Он. гордился тем, что он коммунист. Он относился с огромным уважением к марксистской мысли и несколько раз говорил мне, что не видит другого законного подхода к вопросам общественности, в том числе и к вопросам литературы. И если иногда эти усилия большого поэта целиком перейти на почву нового миросозерцания, новой терминологии бывали неудовлетворительны и неуклюжи, то они, эти добросовестнейшие усилия, не могут не вызвать у партии чувства уважения за ту несомненную и серьезнейшую добрую волю, которую Брюсов вносил в свое преображение.

Я жалею, что обстоятельства не позволили мне гораздо ближе подойти к Брюсову, узнать его хорошенько как человека, но его облик стоит передо мною — пуританский, добросовестный, высококультурный, весь устремленный к задаче гармонизировать свои великие внутренние противоречия между старыми навыками, детьми старой культуры, и новыми убеждениями.
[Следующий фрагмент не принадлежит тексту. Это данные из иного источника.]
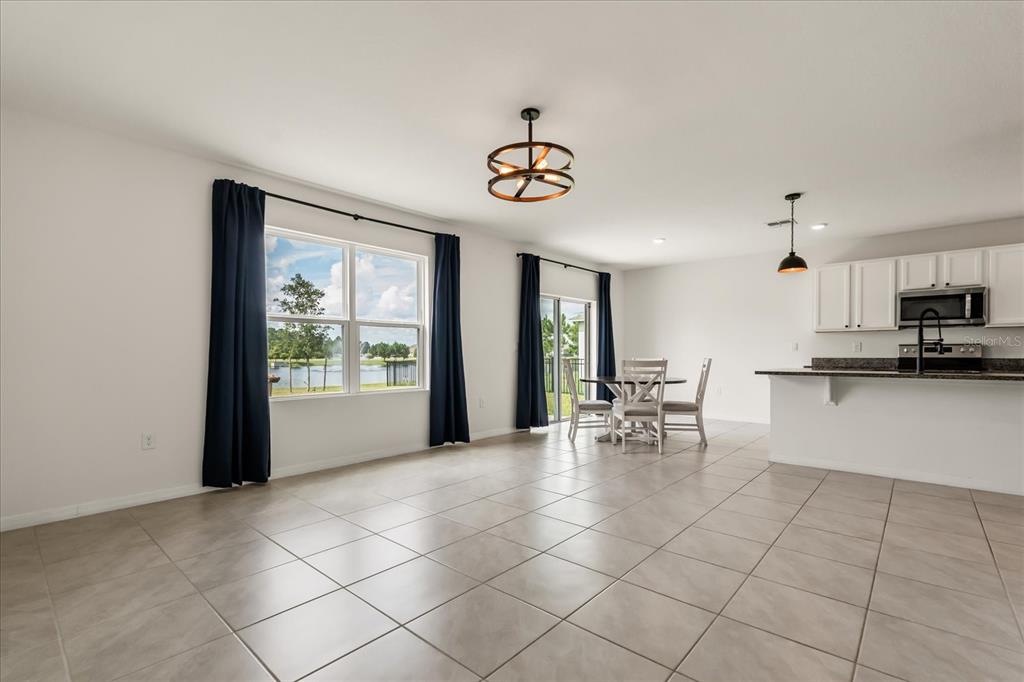 6814 Grace Hammock Road Harmony, FL 34773 - Photo 3 of 41 a view of kitchen with furniture and window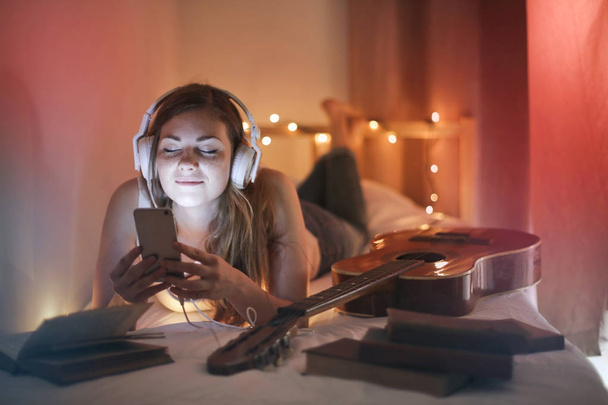 A girl relaxing on her bed listening to music with headphones - Photo, Image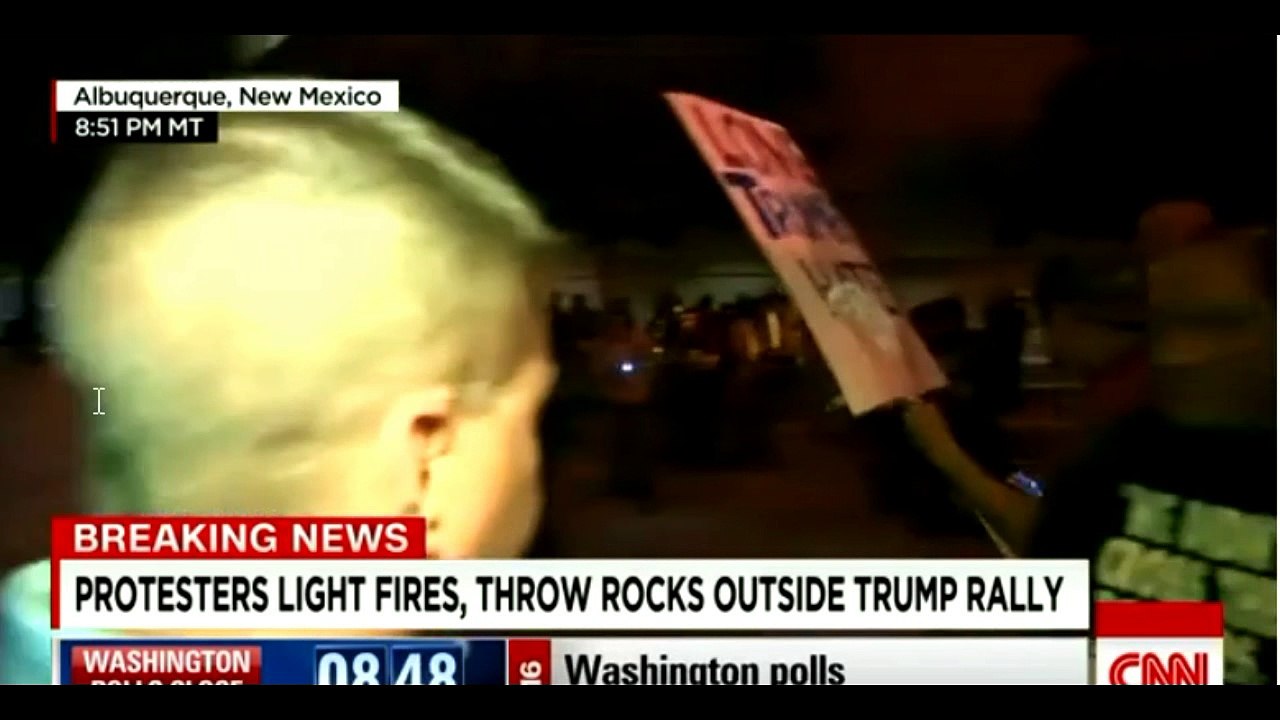 Protesters break through barriers, light fires, throw rocks outside Trump rally in Albuquerque, NM.1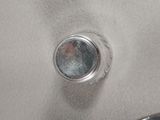 a close up of a silver object on a white surface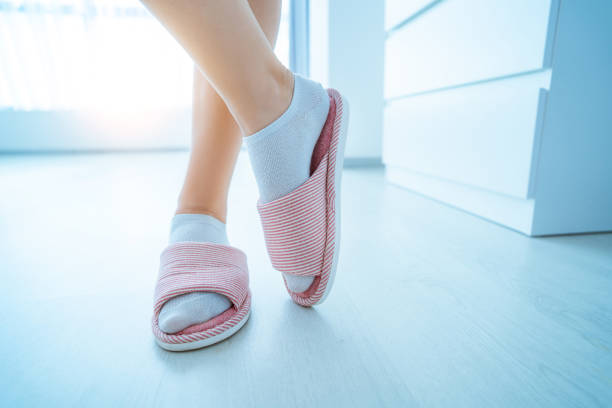 istock Female wearing home cozy soft comfortable slippers 1491281876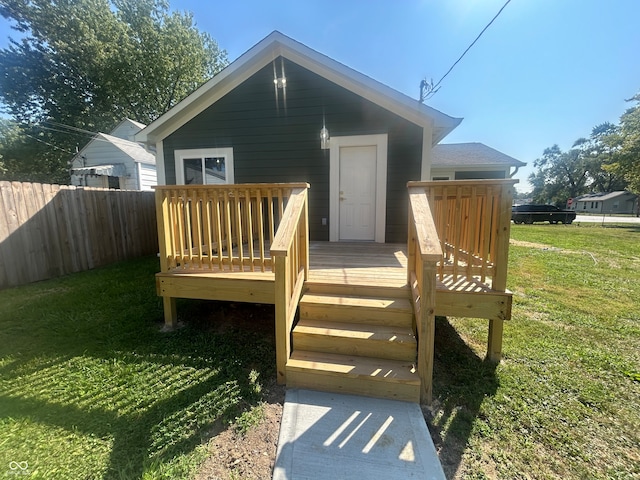 back of house featuring a lawn and a deck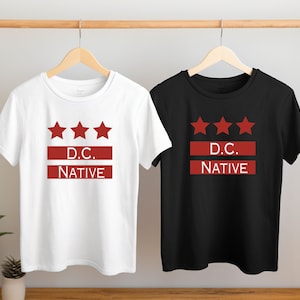 May include: Two t-shirts, one white and one black, each with a red design. The design features three red stars above a red horizontal bar with the text "D.C. NATIVE" in white letters. Both shirts are hanging on wooden hangers.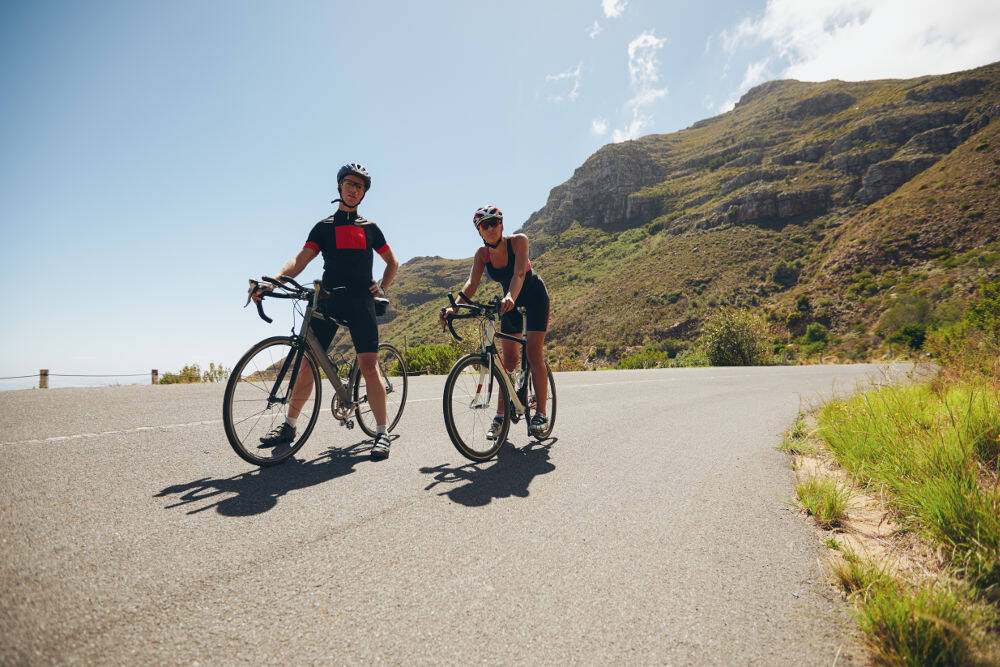 Ein Mann und eine Frau mit ihren Rennrädern stehen auf einer Straße im Gebirge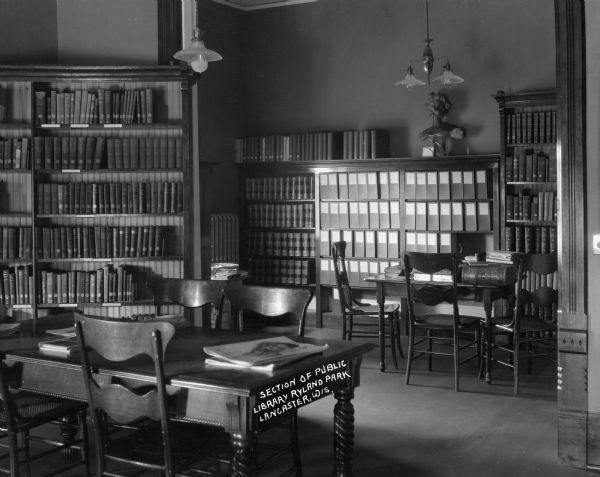 Interior of the public library. The room contains tables and chairs, a bust sculpture of a woman, and bookshelves.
А внутренне этот строгий и несколько нескладный в своем усилии образ освещен тем очаровательным идеализмом, который светился порою в глазах Брюсова и который сообщает для чуткого человека живую теплоту холодной красоте и подчас сумрачным усилиям, которыми полны его поэтические произведения.

II

…Я заканчиваю воспоминанием об одном моменте: мы чествовали Брюсова. Много было всевозможных речей и поздравлений, живописен был момент, когда представители армянского народа положили свой национальный музыкальный инструмент к ногам поэта, превратившего в достояние русской культуры лучшие плоды их поэзии. И вот, в самом конце, Брюсов заявил, что вместо благодарности он попытается прочесть несколько своих стихотворений. Он вышел на авансцену. Он был бледен, как смерть, страшно взволнован. Он чувствовал, что в этот момент лично выступает перед народом, представленным этой переполненной залой; и своим четким, хотя глуховатым голосом, слегка картавя, стараясь говорить как можно громче, он прочел свой ответ на пушкинскую тему «Медный всадник» и свой гимн новой Москве. В ритме этих стихотворений, в каждом обороте и образе, в этом бледном лице, с загоревшимися глазами, со спутанным вспотевшим чубом надо лбом, было столько энтузиастической веры в новую грозную и плодотворную силу, что зал разразился громкими аплодисментами, и все почувствовали, как потускнели остальные моменты юбилейного чествования.